Born into a prominent African-American family, Max Bond used education to advance his career in the 1950s. But when a Harvard professor suggested that he not be an architect because of his color, he persisted. During the mid-century architecture was one of the whitest professions, and one of the most insular. Few blacks had made significant careers–the main exceptions being Paul Williams in Los Angeles and Julian Abele in Philadelphia–but they were always under the radar. Beginning in Europe and Africa, Bond acquired significant experience outside the avenues available in the U.S. When he returned home in the 1960s, he found himself in a cauldron of social change.

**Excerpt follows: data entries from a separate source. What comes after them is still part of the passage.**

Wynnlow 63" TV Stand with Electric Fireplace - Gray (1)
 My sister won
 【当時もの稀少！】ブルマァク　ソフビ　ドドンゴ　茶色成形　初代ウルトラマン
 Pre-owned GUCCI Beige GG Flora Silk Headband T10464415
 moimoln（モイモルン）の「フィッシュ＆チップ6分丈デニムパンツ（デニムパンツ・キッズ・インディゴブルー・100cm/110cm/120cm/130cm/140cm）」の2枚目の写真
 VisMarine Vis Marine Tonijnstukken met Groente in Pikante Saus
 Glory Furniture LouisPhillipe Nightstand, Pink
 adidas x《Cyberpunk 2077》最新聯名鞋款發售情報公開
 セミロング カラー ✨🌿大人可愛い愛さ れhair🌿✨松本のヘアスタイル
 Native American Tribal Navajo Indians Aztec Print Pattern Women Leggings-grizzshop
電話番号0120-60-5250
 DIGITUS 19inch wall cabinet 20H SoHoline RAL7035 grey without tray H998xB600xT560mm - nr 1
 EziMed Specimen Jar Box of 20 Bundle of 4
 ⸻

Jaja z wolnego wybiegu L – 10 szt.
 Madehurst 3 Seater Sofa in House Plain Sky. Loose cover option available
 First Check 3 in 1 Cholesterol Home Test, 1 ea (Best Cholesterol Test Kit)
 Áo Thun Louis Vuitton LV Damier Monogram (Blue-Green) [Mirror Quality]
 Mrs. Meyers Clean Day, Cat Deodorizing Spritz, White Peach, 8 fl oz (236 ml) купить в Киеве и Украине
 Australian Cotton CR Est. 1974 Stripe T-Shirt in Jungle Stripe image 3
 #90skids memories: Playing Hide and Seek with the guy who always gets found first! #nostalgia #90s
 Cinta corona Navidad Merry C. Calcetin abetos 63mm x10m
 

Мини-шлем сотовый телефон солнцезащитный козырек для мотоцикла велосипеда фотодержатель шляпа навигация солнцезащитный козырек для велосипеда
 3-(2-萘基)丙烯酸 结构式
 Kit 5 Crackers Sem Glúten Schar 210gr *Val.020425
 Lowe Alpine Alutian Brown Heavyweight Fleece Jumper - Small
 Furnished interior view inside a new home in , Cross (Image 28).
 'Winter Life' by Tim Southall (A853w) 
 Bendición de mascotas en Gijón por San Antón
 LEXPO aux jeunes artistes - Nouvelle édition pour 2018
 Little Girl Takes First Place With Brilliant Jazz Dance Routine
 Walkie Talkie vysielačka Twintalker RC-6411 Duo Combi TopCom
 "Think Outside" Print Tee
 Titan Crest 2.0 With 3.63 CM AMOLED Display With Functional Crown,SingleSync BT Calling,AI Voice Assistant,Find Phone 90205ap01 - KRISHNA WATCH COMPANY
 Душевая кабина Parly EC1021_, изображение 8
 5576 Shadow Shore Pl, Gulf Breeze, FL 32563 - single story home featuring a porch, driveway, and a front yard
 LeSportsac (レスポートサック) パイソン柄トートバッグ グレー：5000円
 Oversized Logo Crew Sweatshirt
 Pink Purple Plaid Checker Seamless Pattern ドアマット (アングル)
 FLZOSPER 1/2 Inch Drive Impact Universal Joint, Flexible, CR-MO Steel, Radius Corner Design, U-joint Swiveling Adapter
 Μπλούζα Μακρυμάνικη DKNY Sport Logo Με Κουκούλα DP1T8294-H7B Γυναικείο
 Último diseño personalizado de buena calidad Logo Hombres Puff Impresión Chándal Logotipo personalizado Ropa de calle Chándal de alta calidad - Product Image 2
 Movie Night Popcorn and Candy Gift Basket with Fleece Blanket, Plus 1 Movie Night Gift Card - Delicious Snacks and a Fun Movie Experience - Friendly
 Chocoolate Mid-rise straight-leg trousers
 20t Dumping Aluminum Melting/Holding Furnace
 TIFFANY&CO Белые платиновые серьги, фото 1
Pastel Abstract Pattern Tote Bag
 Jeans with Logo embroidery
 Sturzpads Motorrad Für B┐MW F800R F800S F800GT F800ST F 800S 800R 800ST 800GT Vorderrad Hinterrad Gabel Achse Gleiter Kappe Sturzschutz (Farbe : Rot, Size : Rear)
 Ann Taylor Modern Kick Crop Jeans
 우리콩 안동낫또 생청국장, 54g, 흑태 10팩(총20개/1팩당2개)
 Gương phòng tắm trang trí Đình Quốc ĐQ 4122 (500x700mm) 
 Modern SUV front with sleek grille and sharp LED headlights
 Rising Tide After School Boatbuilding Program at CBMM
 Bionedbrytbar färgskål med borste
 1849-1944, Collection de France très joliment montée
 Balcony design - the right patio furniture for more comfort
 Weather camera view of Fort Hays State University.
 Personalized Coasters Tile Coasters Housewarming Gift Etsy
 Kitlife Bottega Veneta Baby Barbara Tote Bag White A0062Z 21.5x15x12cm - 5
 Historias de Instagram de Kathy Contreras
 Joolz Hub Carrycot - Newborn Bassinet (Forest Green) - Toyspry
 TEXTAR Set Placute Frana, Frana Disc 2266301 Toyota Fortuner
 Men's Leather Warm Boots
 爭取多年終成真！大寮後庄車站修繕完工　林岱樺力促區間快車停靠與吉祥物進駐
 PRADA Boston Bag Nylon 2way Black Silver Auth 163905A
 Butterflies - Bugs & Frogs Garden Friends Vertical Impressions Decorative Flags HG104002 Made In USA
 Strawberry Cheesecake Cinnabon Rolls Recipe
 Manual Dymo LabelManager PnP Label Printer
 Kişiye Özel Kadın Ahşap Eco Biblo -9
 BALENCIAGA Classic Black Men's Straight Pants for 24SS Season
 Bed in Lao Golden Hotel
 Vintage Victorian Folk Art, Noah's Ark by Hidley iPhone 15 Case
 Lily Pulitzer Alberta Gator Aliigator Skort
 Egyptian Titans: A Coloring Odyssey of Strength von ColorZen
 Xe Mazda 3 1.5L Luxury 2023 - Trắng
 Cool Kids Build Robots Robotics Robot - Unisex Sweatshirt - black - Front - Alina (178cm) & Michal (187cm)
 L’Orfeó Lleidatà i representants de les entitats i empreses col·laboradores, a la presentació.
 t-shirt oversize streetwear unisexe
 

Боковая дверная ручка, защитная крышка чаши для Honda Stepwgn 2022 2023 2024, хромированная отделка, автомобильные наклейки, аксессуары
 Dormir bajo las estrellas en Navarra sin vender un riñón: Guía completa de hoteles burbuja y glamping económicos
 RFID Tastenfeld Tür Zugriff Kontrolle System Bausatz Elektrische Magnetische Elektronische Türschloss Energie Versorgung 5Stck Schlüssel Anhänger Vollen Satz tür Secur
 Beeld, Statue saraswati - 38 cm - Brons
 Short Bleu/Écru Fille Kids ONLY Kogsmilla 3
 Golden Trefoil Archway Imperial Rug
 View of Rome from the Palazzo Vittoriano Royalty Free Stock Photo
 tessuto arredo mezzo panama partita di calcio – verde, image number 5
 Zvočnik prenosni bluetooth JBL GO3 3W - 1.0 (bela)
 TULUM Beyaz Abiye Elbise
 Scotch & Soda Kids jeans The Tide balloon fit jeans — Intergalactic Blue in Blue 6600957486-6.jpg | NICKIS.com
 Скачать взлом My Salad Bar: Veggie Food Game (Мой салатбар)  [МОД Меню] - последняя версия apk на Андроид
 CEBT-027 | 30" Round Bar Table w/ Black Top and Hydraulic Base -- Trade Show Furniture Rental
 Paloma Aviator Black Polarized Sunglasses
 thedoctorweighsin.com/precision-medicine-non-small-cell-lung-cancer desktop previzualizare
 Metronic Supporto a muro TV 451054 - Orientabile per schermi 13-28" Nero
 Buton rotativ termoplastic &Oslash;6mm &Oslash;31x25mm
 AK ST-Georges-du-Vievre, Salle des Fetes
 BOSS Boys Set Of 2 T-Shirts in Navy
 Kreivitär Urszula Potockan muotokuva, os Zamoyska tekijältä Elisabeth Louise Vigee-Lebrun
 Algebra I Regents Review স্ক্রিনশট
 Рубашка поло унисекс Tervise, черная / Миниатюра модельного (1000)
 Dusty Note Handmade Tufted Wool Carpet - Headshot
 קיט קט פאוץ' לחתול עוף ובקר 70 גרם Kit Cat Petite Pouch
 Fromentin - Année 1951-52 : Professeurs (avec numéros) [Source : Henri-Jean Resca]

He went directly to work in the community, participating in the renewal of Harlem during the 1970s and 1980s. Instead of joining an established firm, he founded his own partnership and won significant commissions despite being an outsider. By 1990 Bond Ryder James was a major player in New York. When his partner, Donald Ryder, died Bond merged with Davis & Brody, a socially committed firm which had specialized in public housing for the Urban Development Corporation. Bond became the senior partner with the deaths of Lou Davis and Sam Brody, and continued to design major buildings until his death last week.
Max Bond began his career half a century ago, in an America that closed its doors to professional achievement for people of color. He broke down the doors in his path with steely determination and unrelenting spirit. Like Thurgood Marshall, Rosa Parks, Marian Anderson and other heroes of civil rights, he should be celebrated as a pioneer.